Sotheby's Paris salesroom. Credit : Sotheby’s / Micha Patault.
Sotheby's Paris salesroom. Credit : Sotheby’s / Micha Patault.

Paris’s rise as an art-market hub has become a popular narrative against the backdrop of Brexit and ahead of the arrival of Art Basel in October. But last week’s contemporary art sales at Sotheby’s Paris proved that the story is more nuanced than simply “Paris is up, London is down.” 

Sotheby’s Paris contemporary art sales on June 8 and 10 generated a combined €24.1 million ($25.1 million). The evening sale on June 8 totaled €19 million ($19.8 million), just shy of the €19.4 million high estimate, while the day sale on Friday fetched €5.2 million ($5.4 million).  

The two sales saw an increasingly international buyer base converge in Paris, but failed to surpass the equivalent series last year, which achieved €26 million. That figure also remains a fraction of the nine-figure sums generated at Sotheby’s summer London sales last year. 

Nonetheless, Guillaume Mallecot, senior director and head of the contemporary art department at Sotheby’s Paris, told Artnet News that he was satisfied. “We had works by John Baldessari, Anselm Kiefer, Miquel Barceló, and Gilbert and George, which confirms the new positioning of Paris on the European scene,” he said. “Before, those works would have been offered in London or New York.”

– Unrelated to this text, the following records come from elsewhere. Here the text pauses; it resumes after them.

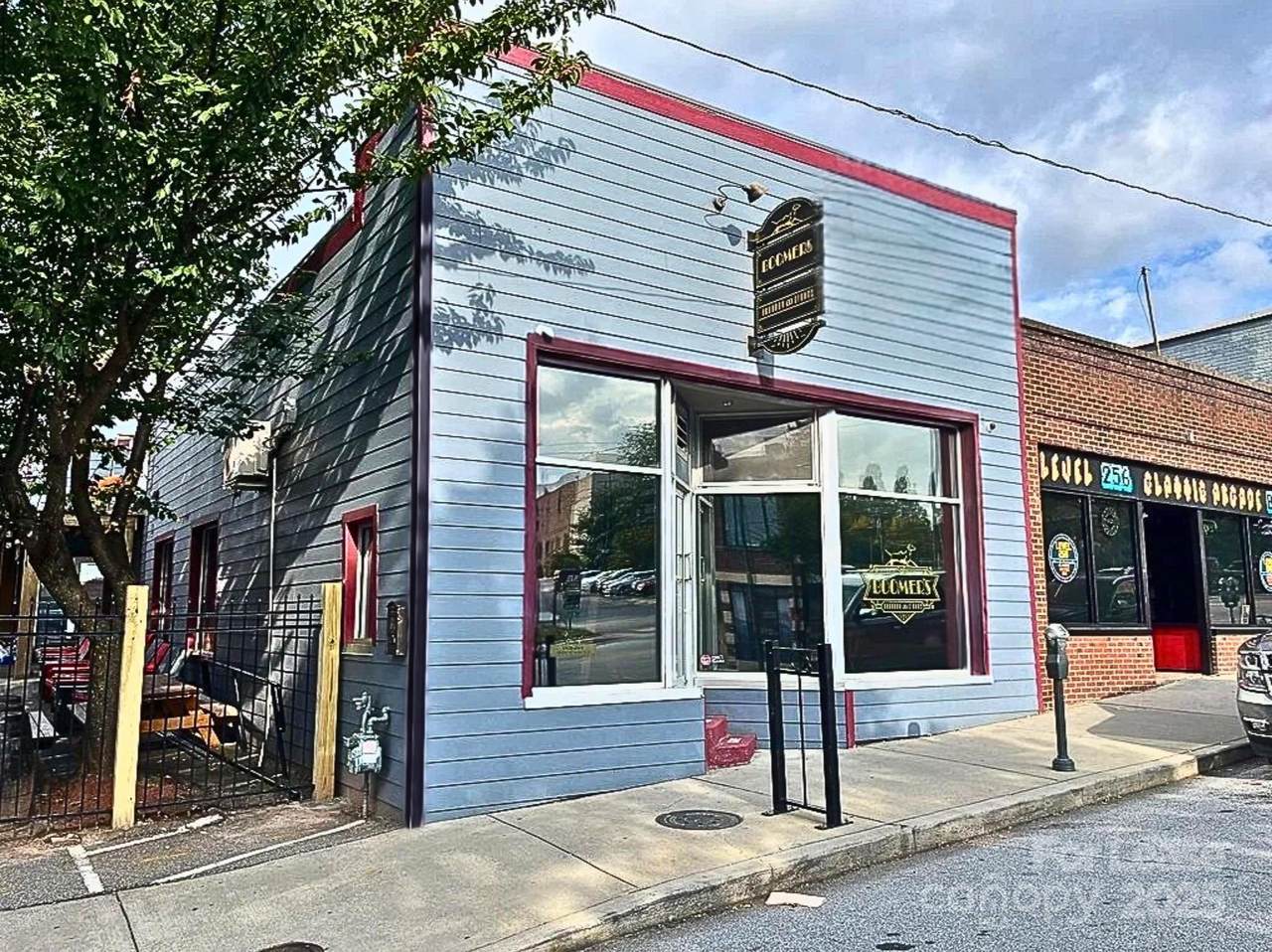 81 Coxe Avenue - Photo 1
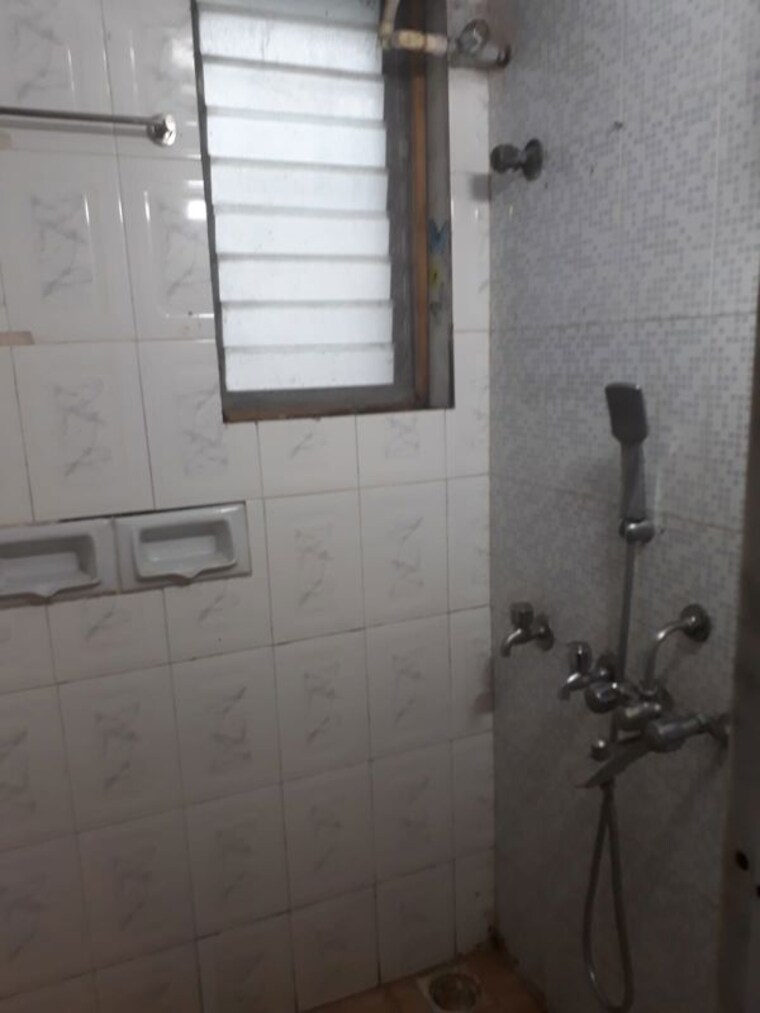 Bathroom, upper worli 1.5 Bedroom 550 Sq.Ft. Apartment In Upper Worli Mumbai 10070656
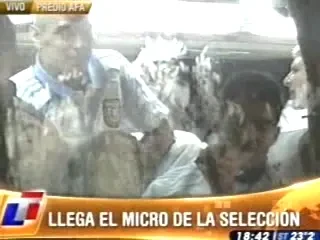 VIDEO "Pentru noi suntenti castigatori!" Isterie la revenirea Argentinei! Maradona, tratat ca un erou!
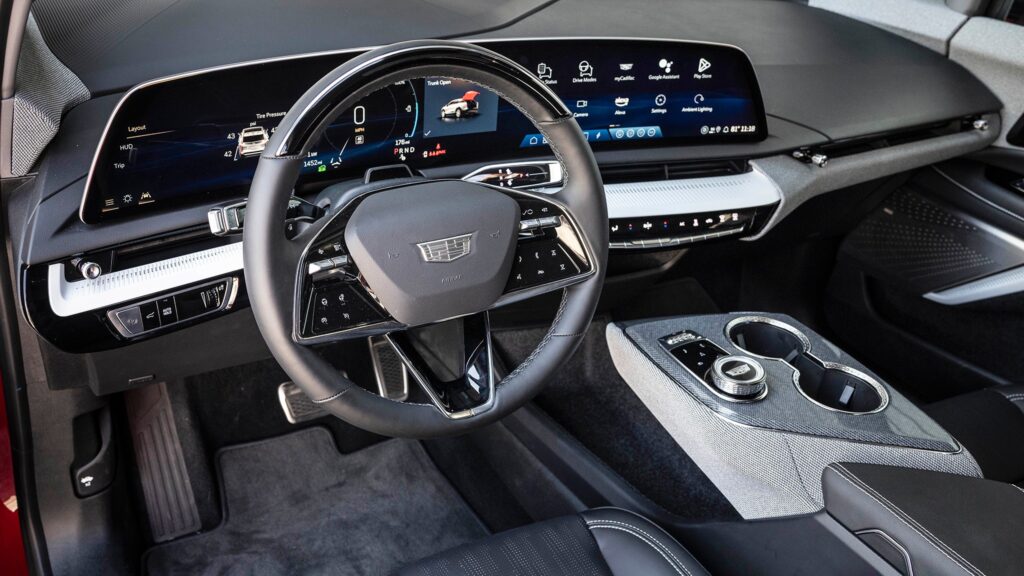 2025 Cadillac Optiq Review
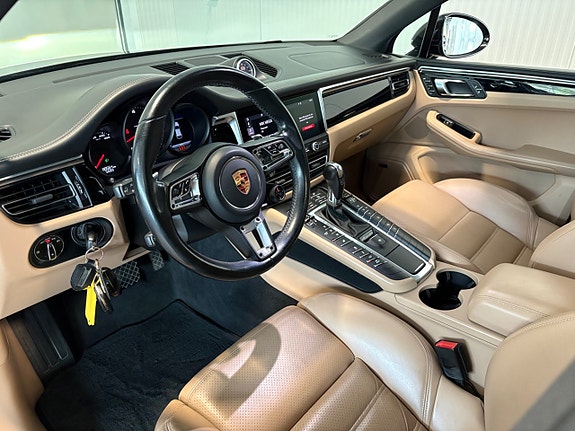 Porsche Macan 8 of 27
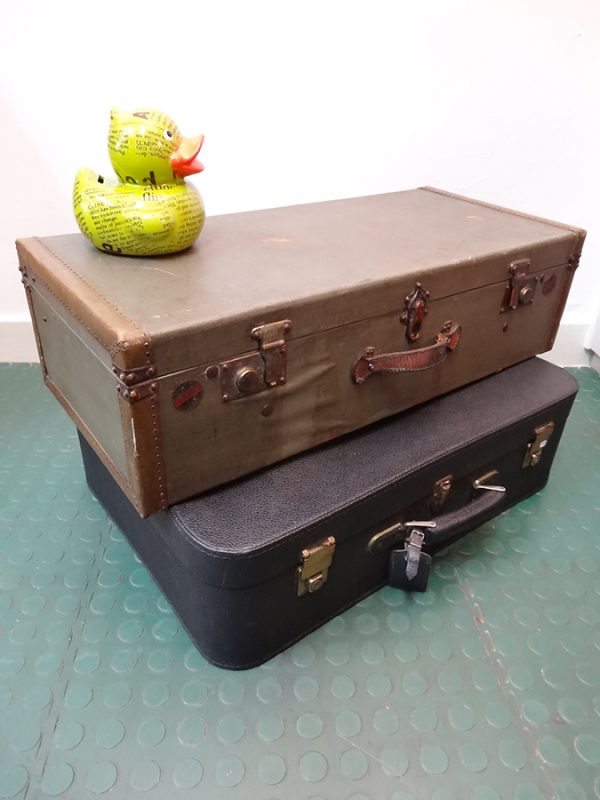 Valise / Malle Vintage Rétro En Carton Et Cuir Véritable Avec Ses Clés - Ancienne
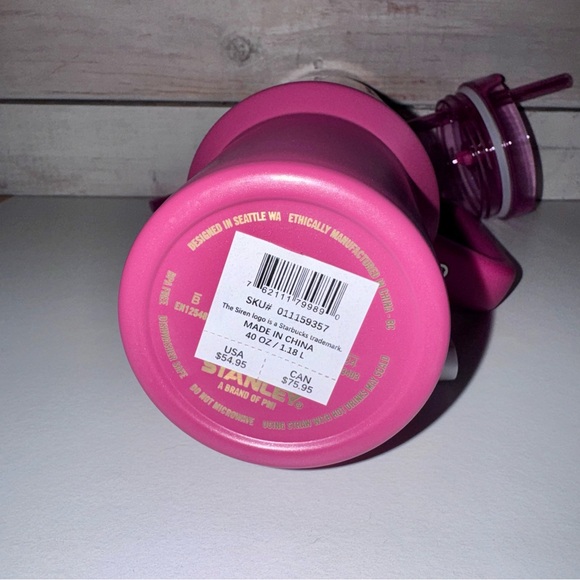 Stanley x Starbucks 40oz Quencher Tumbler Winter Berry Glitter & Gold NWT - Picture 8 of 10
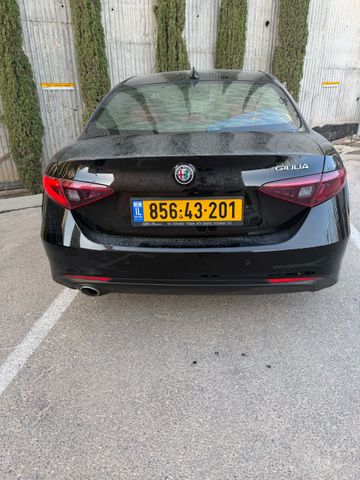 אלפא רומיאו ג'וליה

Pierre-Soulages, Painting 263 x 181 cm, July 2, 2012 (2012). Courtesy of Sotheby’s.

Broadly speaking, Paris’s auction market has been on a steep incline over the past few years. In 2021, the city generated $1.1 billion in auction sales, its highest total ever and an increase of 30 percent over 2019, according to the latest Artnet News Pro Intelligence Report. Meanwhile, London’s auction revenue fell 12 percent between 2019 and 2021, to $1.9 billion. On the private market, galleries including Hauser & Wirth, David Zwirner, Skarstedt, White Cube, Pace, and Mariane Ibrahim have set up shop in the city.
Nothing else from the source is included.